Rated: M - English - Romance/Angst - Hinamori M. & Shuuhei H. - Reviews: 175 - Updated: 04-18-09 - Published: 04-09-08 - id:4186331

Eheh. So you guys remember when I said I’d be back by December? Yeeeeeeeeeeeah...sorry! I didn’t mean to leave it so long, really!

My excuse is that real life is a bitch and also that I have no excuse. But I am hoping to get into regular updates again now! I definitely won’t leave it this long to update again, promise!

Anyway! After too many months to count, I give you chapter ten!

xXx

Orihime had been in the middle of chiding Ishida for some remark about Ichigo when her daughter fled the area. She cut herself off immediately, pushing her chair back and standing, about to go after the girl.

Momo bit her lip, watching the door Ryuu had run through slam shut behind her as Ishida placed a hand on his wife’s shoulder. She wanted to follow, but it wasn’t her place. She barely even knew the girl. She wasn’t even that close to Orihime, really.

“Don’t,” Ishida said softly.

“But—” The expression on Orihime’s face was imploring. The feeling in Momo’s chest that this wasn’t just child’s tantrum intensified.

“You can’t run after her every time she does this, Orihime.” Ishida’s voice was gentle and regretful, and Momo was struck once again at just how he had matured since the War. “Otherwise she’ll never get over it.”

“She always does that,” Sora huffed, crossing his arms over his chest. The butterfly had escaped in his surprise at Ryuu’s reaction. “Every time Kioshi’s over here. She’s so stupid sometimes.” Behind the annoyed look on his face was a faintly worried glint. “...did I make her leave like that?” he asked his mother, bewildered.

Orihime shook head, giving her son a bright smile, the worry for her daughter carefully hidden. “She’s just grumpy,” she told him lightly. “You know how she gets sometimes.”

Sora grinned in response. “Yeah, I know.” His arms fell to his sides, and it was only then that he seemed to notice the absence of his butterfly. The look of horror on his face was almost comical. “K-Kioshi!
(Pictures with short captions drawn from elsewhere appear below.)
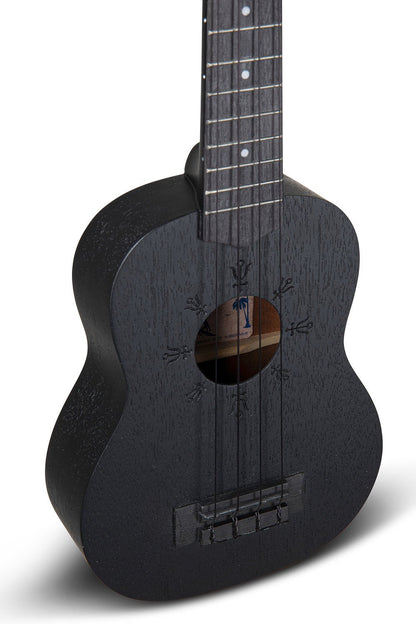 Corps et manche en Sapelli acajou Motif au laser ANTIMONY - Cham Music - String Instrument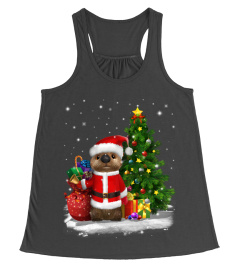 Otter Santa Claus T Shirt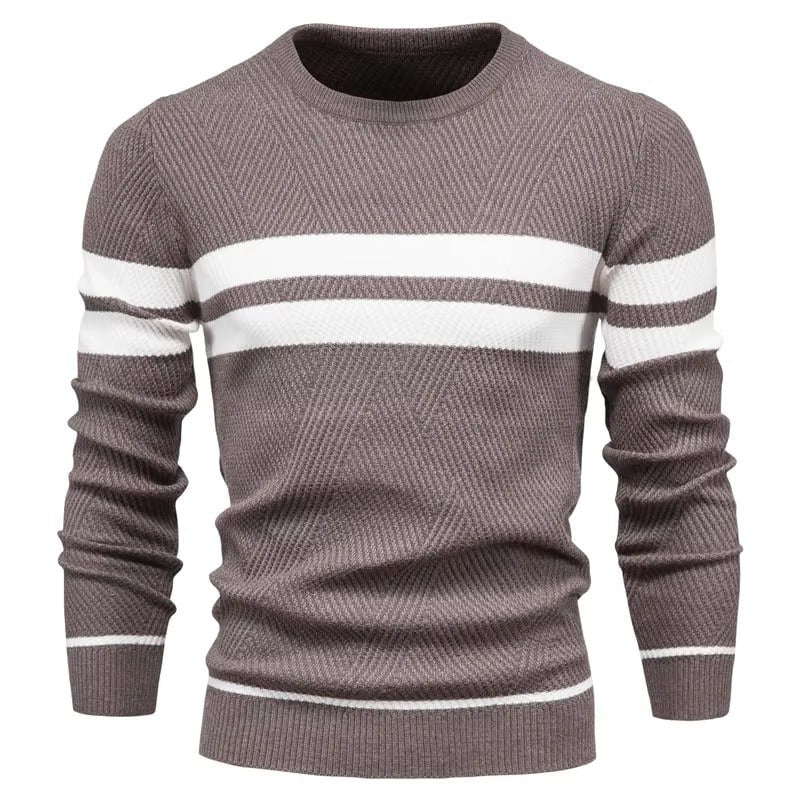 Klassischer Pullover mit O-Ausschnitt für Männer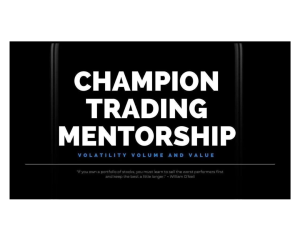Champion Trading Mentorship (Volatility Volume and Value) VVV stockanalyst By Rohit Kumar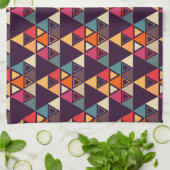 数々の色の三角形 キッチンタオル (折り畳み)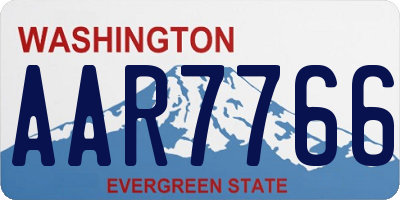 WA license plate AAR7766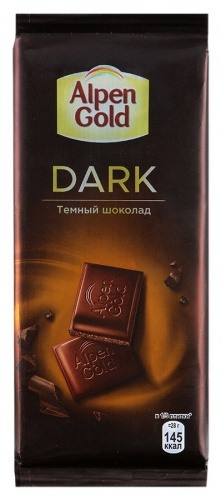 Шоколад Alpen Gold Dark темный 85г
The butterfly escaped!” he cried, letting go of the matter of his sister as easily as he had the butterfly.

Momo watched as Orihime’s smile dimmed, wishing she could do something. This was something that Momo was pretty sure she couldn’t blame herself for, but that didn’t mean she didn’t want to help her friend.
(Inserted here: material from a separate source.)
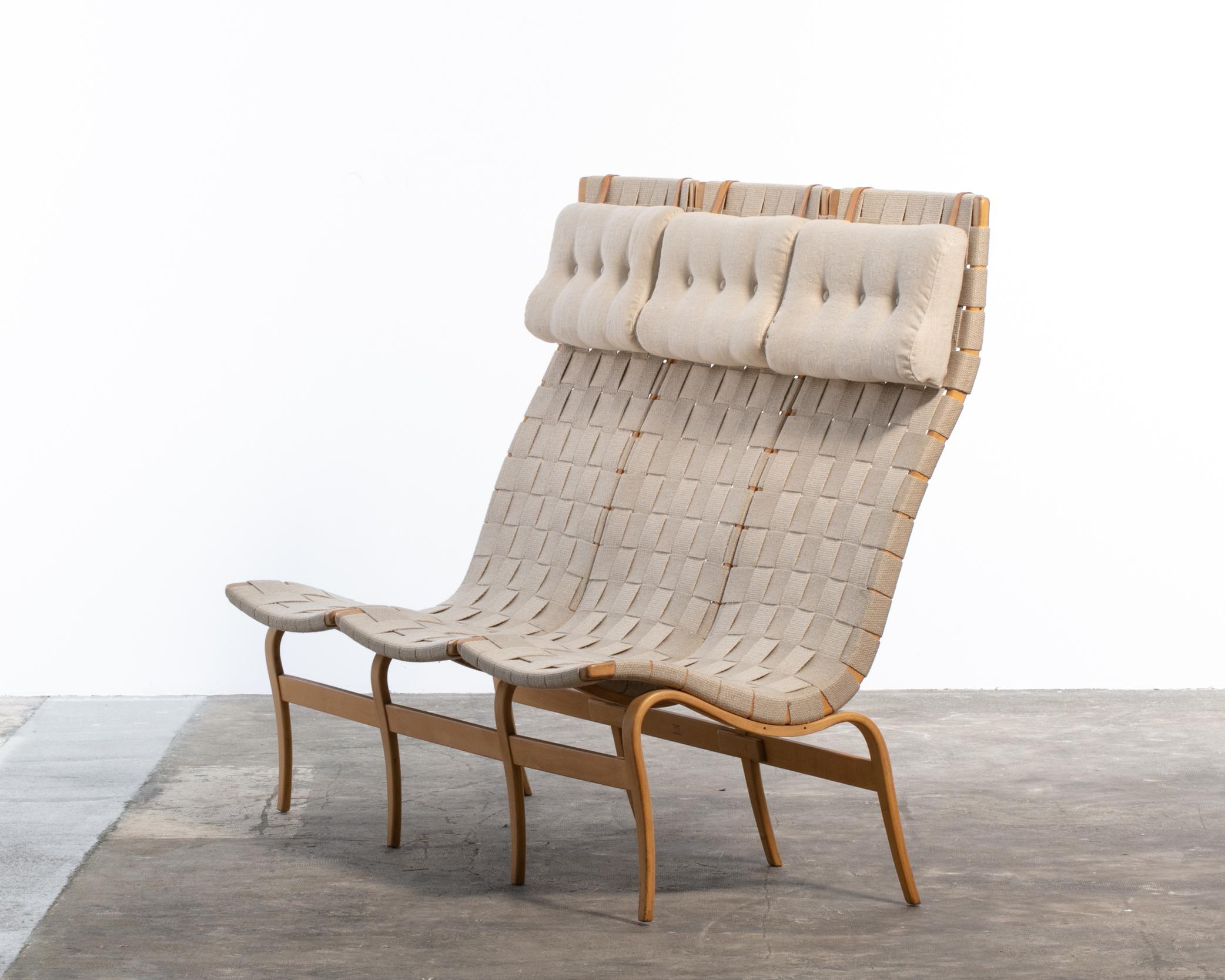 Three Seat Eva Sofa by Bruno Mathsson For Sale 11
“Ryuu’s still jealous of Kioshi, huh?” Tatsuki broke the silence among the adults as the sounds of Kioshi entertaining Sora again interrupted the quiet of the yard.
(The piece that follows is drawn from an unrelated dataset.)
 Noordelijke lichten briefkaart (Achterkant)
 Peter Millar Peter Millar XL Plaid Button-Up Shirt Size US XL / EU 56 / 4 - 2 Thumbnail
“I don’t think jealous is the right word for it,” Ishida sighed. “It’s gone deeper than that in the past few months.” He glanced at Orihime. “I think we should take her to see someone.”

See someone? As in – a therapist? Momo blinked. But – the girl was only ten years old. Did ten-year-olds need to see therapists? Maybe that wasn’t what he had meant.

Orihime’s head jerked up. “N-no!” A pause. “Ryuu-chan doesn’t like herself very much, Uryuu. You know that. I don’t want her thinking that there’s – that there’s something wrong with her.”

“What if there is?” Tatsuki asked bluntly. “If you’re that worried about her, Orihime, maybe you need to.”

Orihime shook her head stubbornly. “If she won’t talk to her family, she won’t talk to a stranger. You know how shy she is.”

Momo wasn’t sure this was a conversation she should have been sitting in on, but no one else seemed to be worried about her presence. She glanced at the house, and then back to her friends, wondering if she should tell them about her encounter with the girl. It wasn’t really any of her business, but...maybe it would help them. At the very least, she didn’t think it could hurt.

“Uhm.” Momo blushed very slightly as all four heads turned to look at her. She abruptly felt very young, as if she was the age she looked rather than over two centuries old. “This morning, Ryuu-chan, she...she asked me about the War. She wanted me to tell her about it.”

Silence. Then—

“Did you tell her about it?” Ishida asked. Momo flinched against the harsh tone to his voice. She could tell if it was accusatory or simply worried, but it was in her nature to assume the former.

“Uryuu!” Orihime cried. “Momo knows we wanted it kept a secret, she would never have told Ryuu!” The woman didn’t even glance at Momo to try and confirm this by her expression. When Ishida Orihime put her faith in you, it seemed it was an all or nothing thing.

“Why don’t we let Hinamori explain before we start jumping the gun, huh?” Tatsuki asked, giving her an evaluating look before she directed a level gaze at Ishida.

His jaw tightened slightly, looking as though he was just barely restraining himself from shooting something back. Tatsuki merely raised an eyebrow at him, leaning against her husband’s shoulder. Sado, Momo noticed, had shifted his attention from the occupants of the garden table to the children playing at the other side of the yard. This was not, she presumed, a conversation anyone wanted being overheard.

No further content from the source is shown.